ALM-43018 JobHistory2x Process Full GC Number Exceeds the Threshold

Description

The system checks the number of Full garbage collection (GC) times of the JobHistory2x process every 60 seconds. This alarm is generated when the detected Full GC number exceeds the threshold (exceeds 12 for three consecutive checks.) You can change the threshold by choosing O&M > Alarm > Thresholds > Spark2x > GC number > Full GC Number of JobHistory2x. This alarm is cleared when the Full GC number of the JobHistory2x process is less than or equal to the threshold.

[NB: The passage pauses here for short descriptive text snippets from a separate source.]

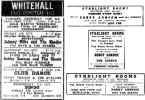 Giants Starlight & Whitehall Ads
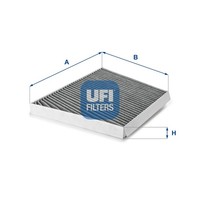 Innenraumfilter UFI 54.133.00 Aktivkohlefilter FüR Mercedes Klasse W211 Model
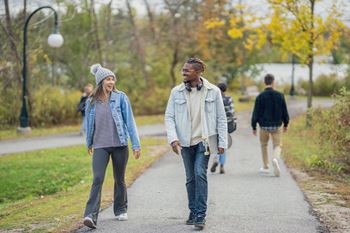 Direct access to lochmere greenway nature trails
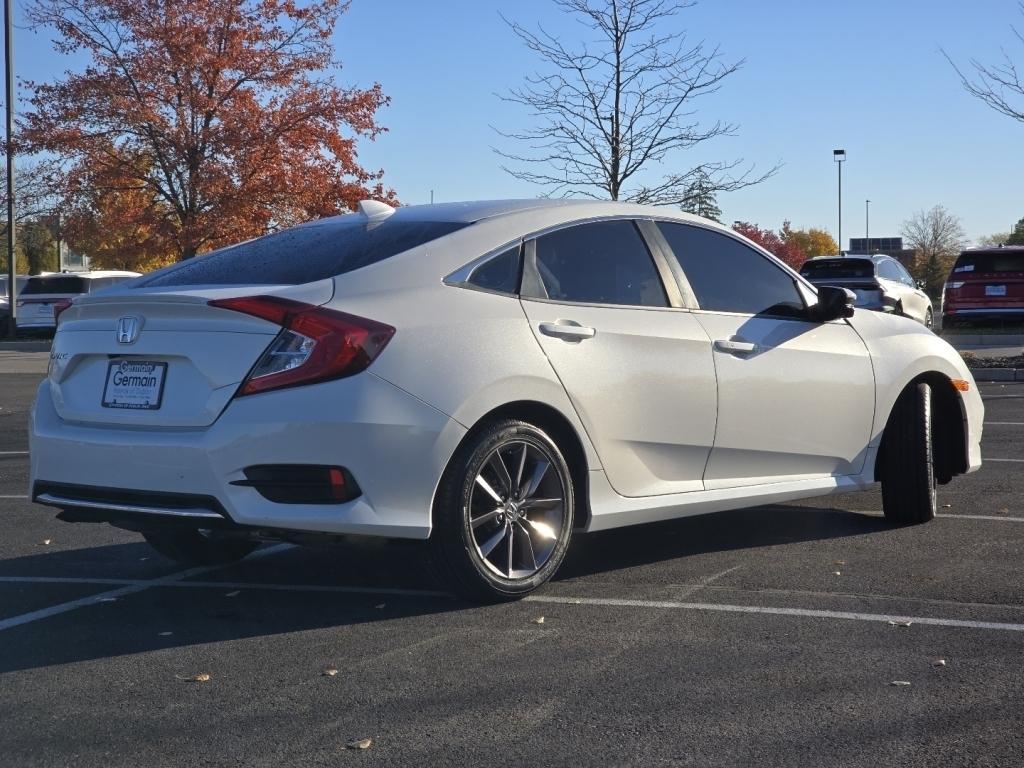 used 2021 Honda Civic car, priced at $19,597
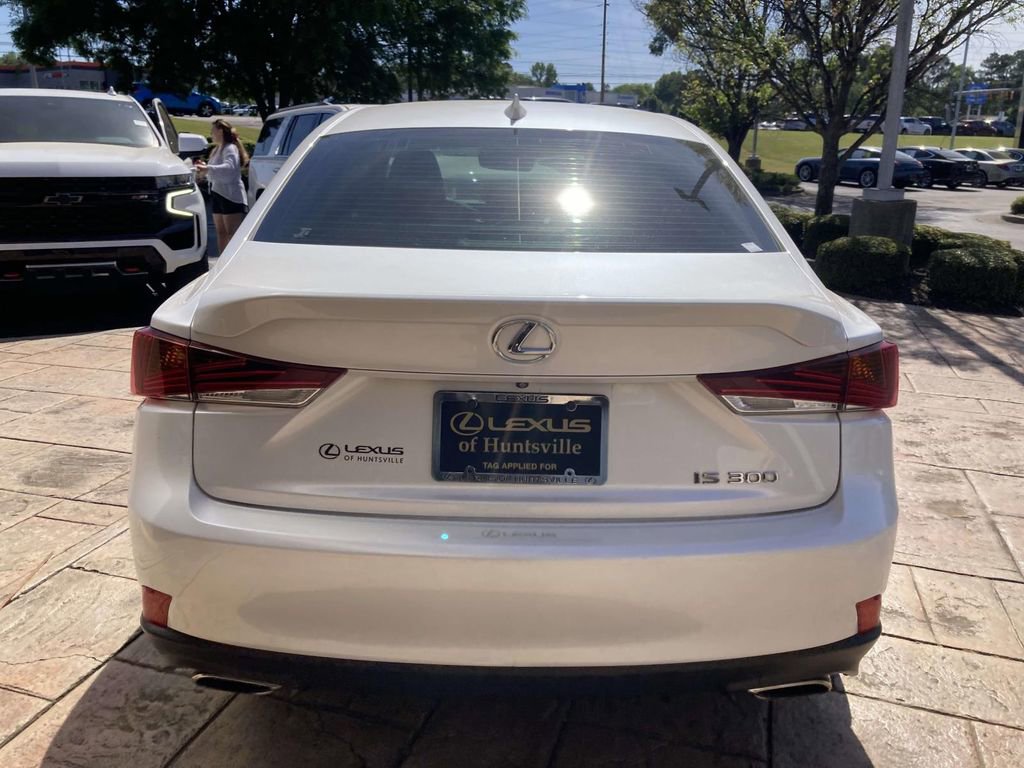 Used 2020 Lexus IS 300 w/ Accessory Package 2 RWD image 3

In MRS 3.3.0-LTS and later versions, the Spark2x component is renamed Spark, and the role names in the component are also changed. For example, JobHistory2x is changed to JobHistory. Refer to the descriptions and operations related to the component name and role names in the document based on your MRS version.

Attribute

Alarm ID	Alarm Severity	Auto Clear
43018	Major	Yes

Parameters

Name	Description
Source	Specifies the cluster for which the alarm is generated.
ServiceName	Specifies the service for which the alarm is generated.
RoleName	Specifies the role for which the alarm is generated.
HostName	Specifies the host for which the alarm is generated.
Trigger Condition	Specifies the threshold for triggering the alarm.

Impact on the System

The process performance deteriorates, and the process can even be unavailable. Historical execution records of Spark tasks cannot be queried.

Possible Causes

The heap memory usage of the JobHistory2x process is excessively large, or the heap memory is inappropriately allocated. As a result, Full GC occurs frequently.

Procedure

Check the number of Full GCs.

Log in to FusionInsight Manager, choose O&M > Alarm > Alarms, select this alarm, and check the RoleName in Location and confirm the IP address of HostName.
Choose Cluster > Services > Spark2x > Instance. On the displayed page, click the JobHistory2x for which the alarm is reported. On the Dashboard page that is displayed, click the drop-down menu in the Chart area and choose Customize > GC Number > Full GC Number of JobHistory2x in the upper right corner and click OK. Check whether the number of Full GCs of the JobHistory2x process is greater than the threshold (default value: 12).
- If it is, go to Step 3.
- If it is not, go to Step 6.
Figure 1 Full GC Number of JobHistory2x
Choose Cluster > Services > Spark2x > Configurations > All Configurations. On the displayed page, choose JobHistory2x > Default. The default value of SPARK_DAEMON_MEMORY is 4 GB. You can change the value according to the following rules: If this alarm is generated occasionally, increase the value by 0.5 times. If the alarm is frequently reported, increase the value by 1 time.
Restart all JobHistory2x instances.

When the instance is rebooted, it cannot be used and any tasks running on the current instance node will fail.
After 10 minutes, check whether the alarm is cleared.
- If it is, no further action is required.
- If it is not, go to Step 6.

Collect fault information.

Log in to FusionInsight Manager, and choose O&M > Log > Download.
Select Spark2x in the required cluster from the Service.
Click in the upper right corner. In the displayed dialog box, set Start Date and End Date to 10 minutes before and after the alarm generation time respectively and click OK. Then, click Download.
Send the collected fault logs to O&M personnel for help.